Enhancing the performance of Decoupled Software Pipeline through Backward Slicing
Esraa Alwan, John Fitch, Julian Padget

TL;DR
This paper demonstrates that combining Decoupled Software Pipeline (DSWP) with backward slicing significantly enhances parallel execution performance in multicore programs, especially when loop-carried dependencies hinder simpler optimizations.
Contribution
The paper introduces a novel combination of DSWP and backward slicing, showing substantial performance improvements over DSWP alone in multicore program optimization.
Findings
Performance improved by approximately 1.6 times with DSWP + slicing over DSWP alone.
Overall speedup of about 2.4 times compared to original sequential code.

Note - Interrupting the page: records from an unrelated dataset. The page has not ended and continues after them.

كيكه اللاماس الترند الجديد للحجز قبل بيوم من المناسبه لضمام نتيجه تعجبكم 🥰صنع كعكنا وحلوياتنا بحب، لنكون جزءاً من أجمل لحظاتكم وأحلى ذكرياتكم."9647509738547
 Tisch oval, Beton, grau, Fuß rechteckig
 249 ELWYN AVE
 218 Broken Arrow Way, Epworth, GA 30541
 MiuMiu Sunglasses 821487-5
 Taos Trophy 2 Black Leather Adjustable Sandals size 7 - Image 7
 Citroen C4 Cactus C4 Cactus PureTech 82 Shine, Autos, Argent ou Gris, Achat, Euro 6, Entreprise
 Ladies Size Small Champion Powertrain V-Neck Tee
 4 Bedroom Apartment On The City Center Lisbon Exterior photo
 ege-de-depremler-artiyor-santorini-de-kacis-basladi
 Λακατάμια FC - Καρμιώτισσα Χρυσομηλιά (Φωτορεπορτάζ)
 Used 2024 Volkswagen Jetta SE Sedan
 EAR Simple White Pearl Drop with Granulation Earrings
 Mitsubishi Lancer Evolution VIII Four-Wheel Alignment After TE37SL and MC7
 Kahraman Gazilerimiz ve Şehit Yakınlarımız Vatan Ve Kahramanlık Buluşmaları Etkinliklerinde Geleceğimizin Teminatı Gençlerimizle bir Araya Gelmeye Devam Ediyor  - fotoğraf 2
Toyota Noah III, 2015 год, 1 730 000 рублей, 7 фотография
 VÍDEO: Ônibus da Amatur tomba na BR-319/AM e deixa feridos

Effective in scenarios with loop-carried dependencies preventing DOALL optimization.
Abstract
The rapidly increasing number of cores available in multicore processors does not necessarily lead directly to a commensurate increase in performance: programs written in conventional languages, such as C, need careful restructuring, preferably automatically, before the benefits can be observed in improved run-times. Even then, much depends upon the intrinsic capacity of the original program for concurrent execution. The subject of this paper is the performance gains from the combined effect of the complementary techniques of the Decoupled Software Pipeline (DSWP) and (backward) slicing. DSWP extracts threadlevel parallelism from the body of a loop by breaking it into stages which are then executed pipeline style: in effect cutting across the control chain. Slicing, on the other hand, cuts the program along the control chain, teasing out finer threads that depend on different variables…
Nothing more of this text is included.